その准教授(=助教授、50)は以前から女グセが悪かった。最初に裁判ざたになった事件は、今から12年前の1995年7月にさかのぼる。当時、まだ30代だった彼は、現在と同じ三重大学教育学部に助教授として勤務、美術教育指導を担当していた。大学が夏休みに入ったばかりのその日、キャンパス近くのカラオケボックスで、助教授はいつものように「ご乱心」あそばした。
学生主催のコンパに出席した助教授は、あろうことかカラオケの歌に合わせながら1枚1枚着ていた服を自ら脱ぎだした。最後はトランクス1枚になってかたわらの女子学生をソファに押し倒したかと思うと、なんと馬乗りになって上下に飛び跳ねたのだ。ショックを受けた女子学生はこのことがトラウマになって、美術教師への夢をあきらめ、転部を余儀なくされた。
女子学生は「精神的苦痛を受けた」として助教授を相手取り、330万円の損害賠償を請求。しかし、津地方裁判所で開かれた公判でこの助教授、美術教官だけに言うことがしゃれている。「半裸で馬乗りになったのは、美術の教科書にも載っている西洋の騎士の彫刻を真似しただけ」と、セクハラではなく「教育」と反論したのだ。もちろんそんな無茶は通るはずもなく、訴訟は最高裁まで持ち込まれたものの助教授の敗訴が決定した。
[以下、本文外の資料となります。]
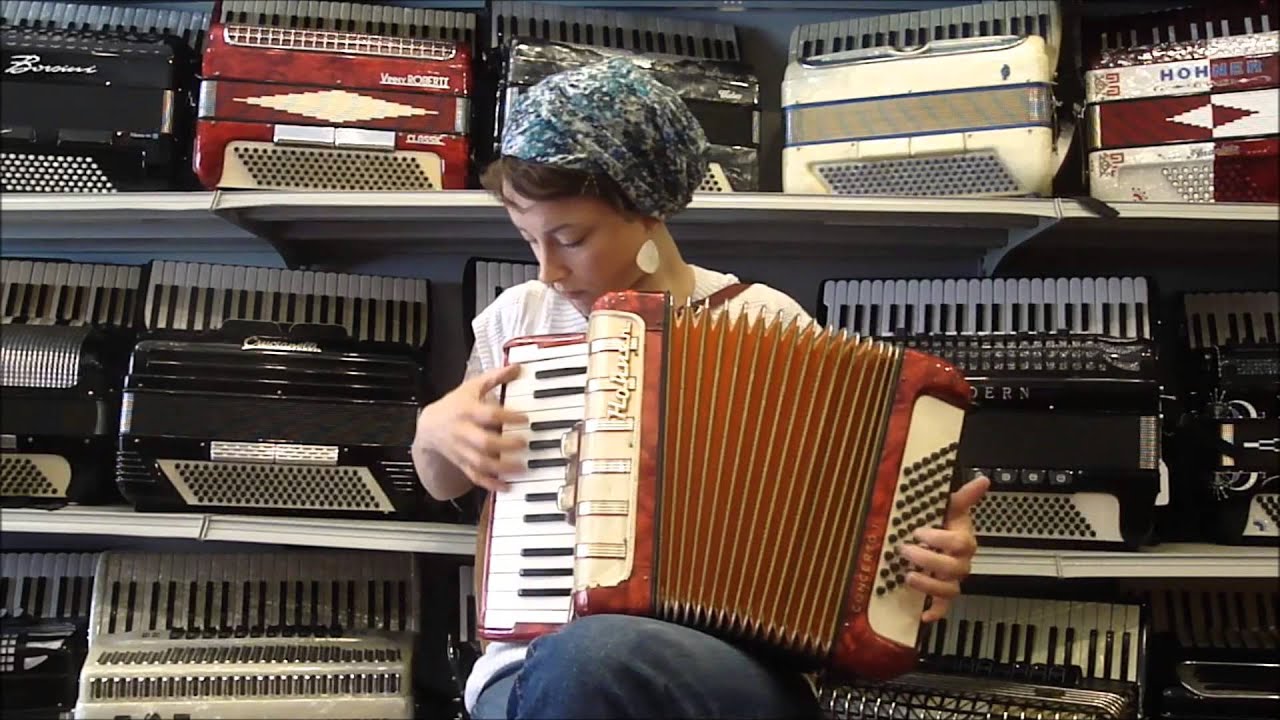 1384 - Red Hohner Concerto IM MM 48 $795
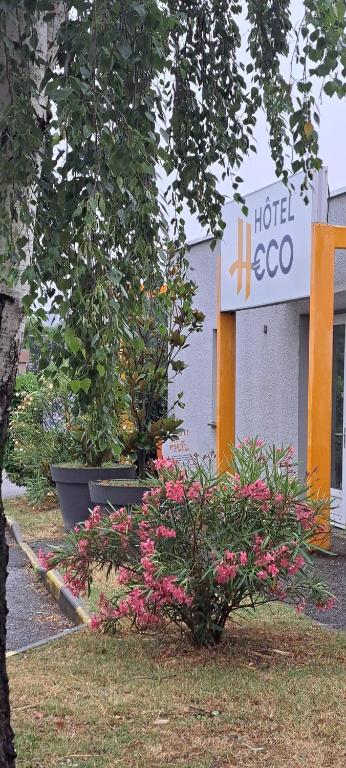 un cartello con scritto hoco e fiori di fronte a un edificio di Hotel HECO Lyon sud Vienne a Vienne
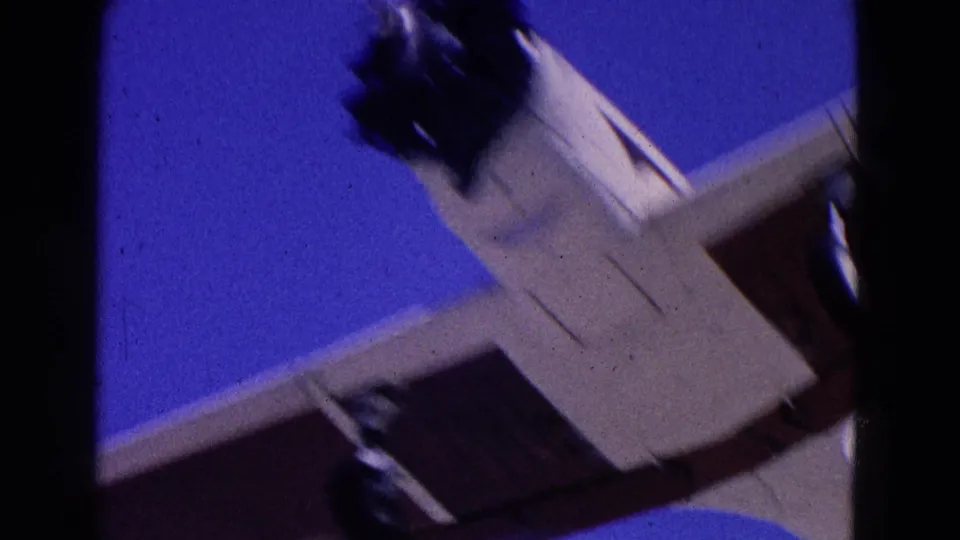 Close overhead 8mm view of a small propeller airplane passing above, showing the underside, wing, and fuselage.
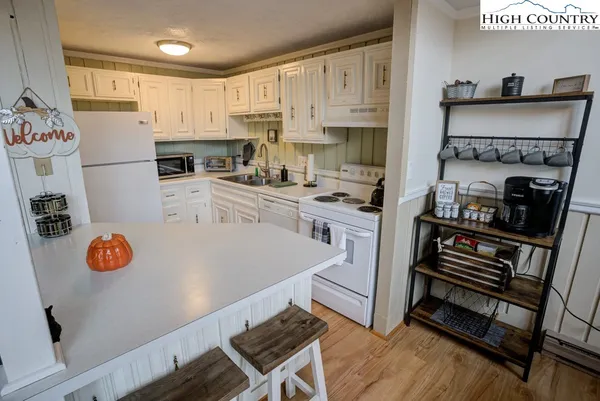 a kitchen with a refrigerator a stove and white cabinets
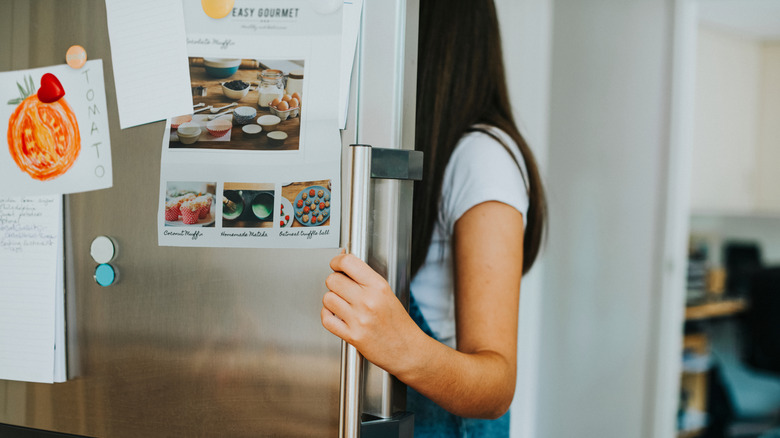 Woman looking inside fridge with hand on door handle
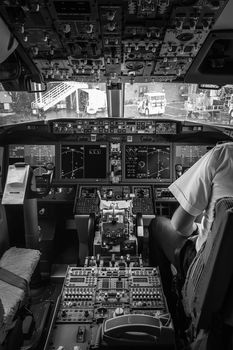 Monochrome image of a commercial airplane cockpit with a pilot, showcasing the detailed dashboard and controls.
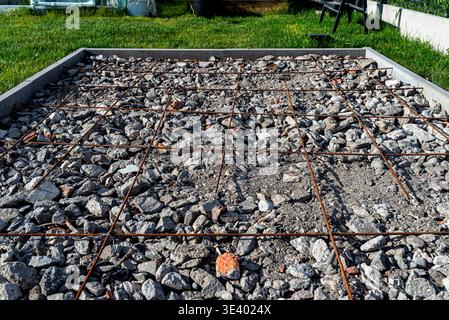 Cordoli di cemento che circondano una griglia di armature su una base di macerie per una nuova base Foto Stock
それで懲りる助教授ではない。判決で大学から受けた減給処分も意に介さず、女子学生にしつこく下着の色を聞くなどふらちな言動を繰り返す、学内の「鼻つまみ者」だった。そしてついに、運は助教授を見放した。04年5月ごろのこと、休み時間に友達と髪形について雑談していた女子学生に対し、「こうした方が可愛くなる」などと言っていきなり持っていたハサミで髪をバサバサ切りつけたのだ。
助教授にも年貢の納め時が来た。一連のセクハラについて調査してきた大学側は、最初の事件から12年経った7月30日、助教授に解雇を言い渡した。この間、全国の国立大学は独立法人化して独自の経営方針を立てることが求められることになった。地元で唯一の国立大学である三重大も例外ではない。「お役人感覚」でクビはないとタカをくくっていた助教授に、天罰が下ったのだ。
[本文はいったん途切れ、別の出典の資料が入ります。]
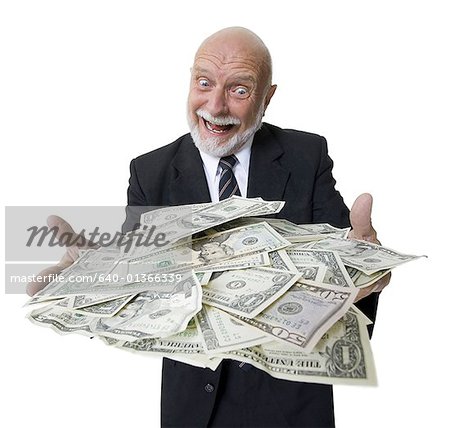 Close-up of a businessman holding American dollar bills in a tray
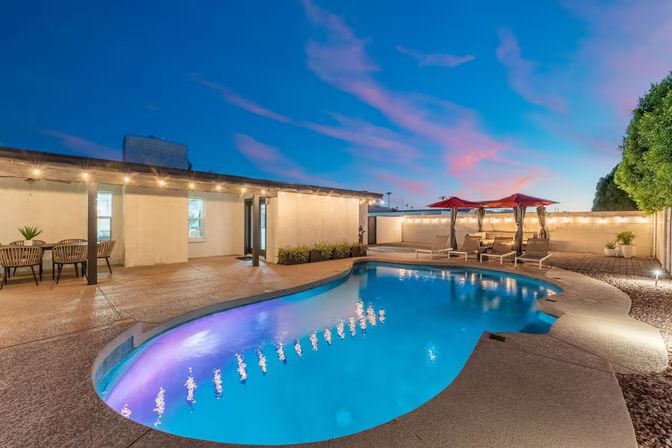 Twilight backyard oasis with a blue-lit freeform swimming pool, concrete deck and covered patio strung with lights, outdoor dining area and loungers with red umbrellas.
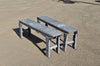 Opposite three-quarter angle displaying the galvanized steel roller beds, gray painted frames, and H-style support legs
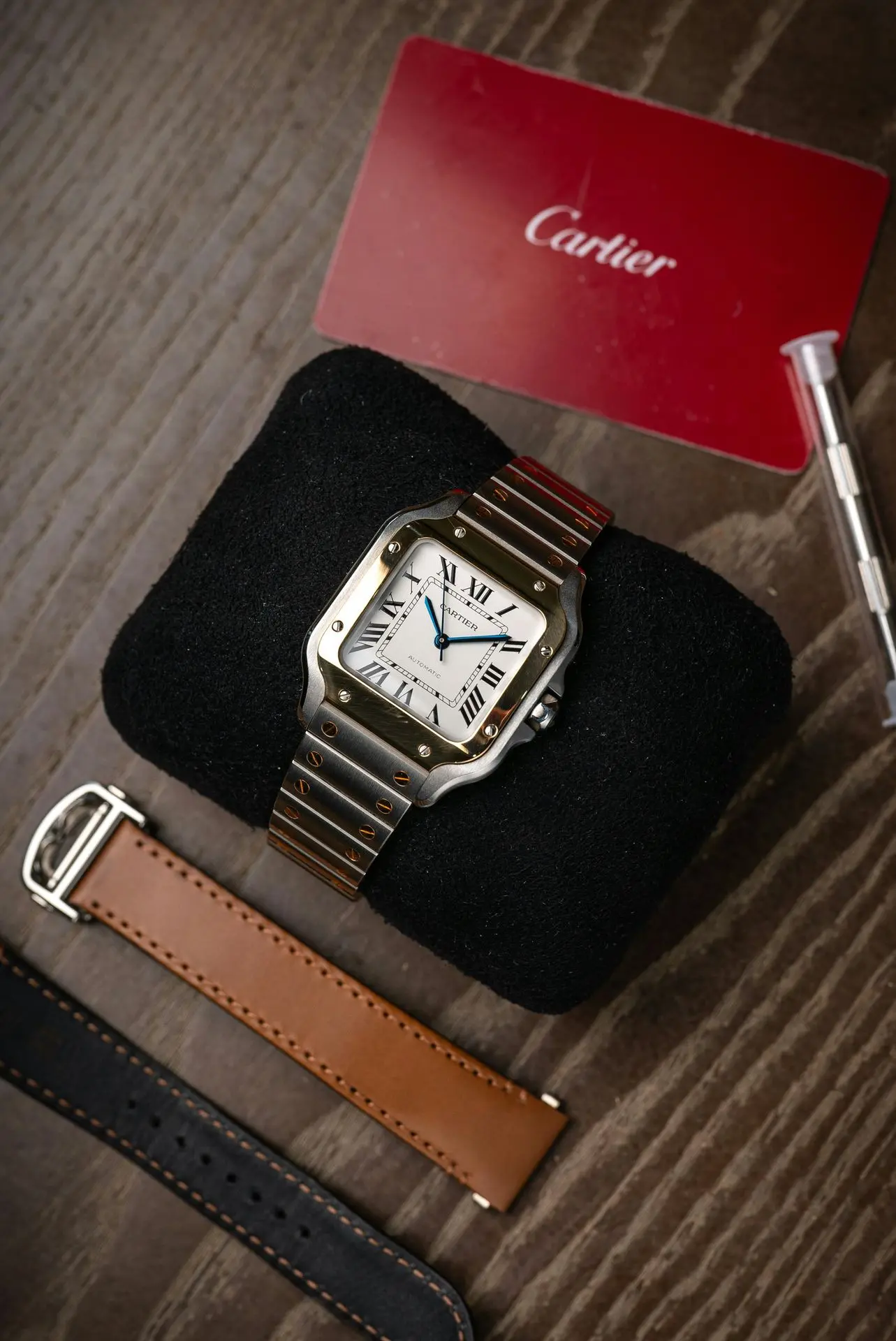 Luxury Automatic Watch – Durable Heirloom Mechanical Timepiece Luxury automatic wristwatch with Roman numeral dial on black cushion beside red warranty card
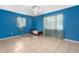 Bright bedroom with blue walls, tile floor, and natural light from a window at 7464 Acorn Cir, Spring Hill, FL 34606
三重大学といえば、ミス日本グランプリ、Aさんの出身校(現在は立教大大学院に進学)。また、厚生労働大臣を務めた某政治家も、同大医学部(合併前の県立大当時)を卒業している。幾多の著名人を輩出する地方ブランド校だが、年季の入ったエロ教官解雇劇でも、一躍全国から注目されることになった。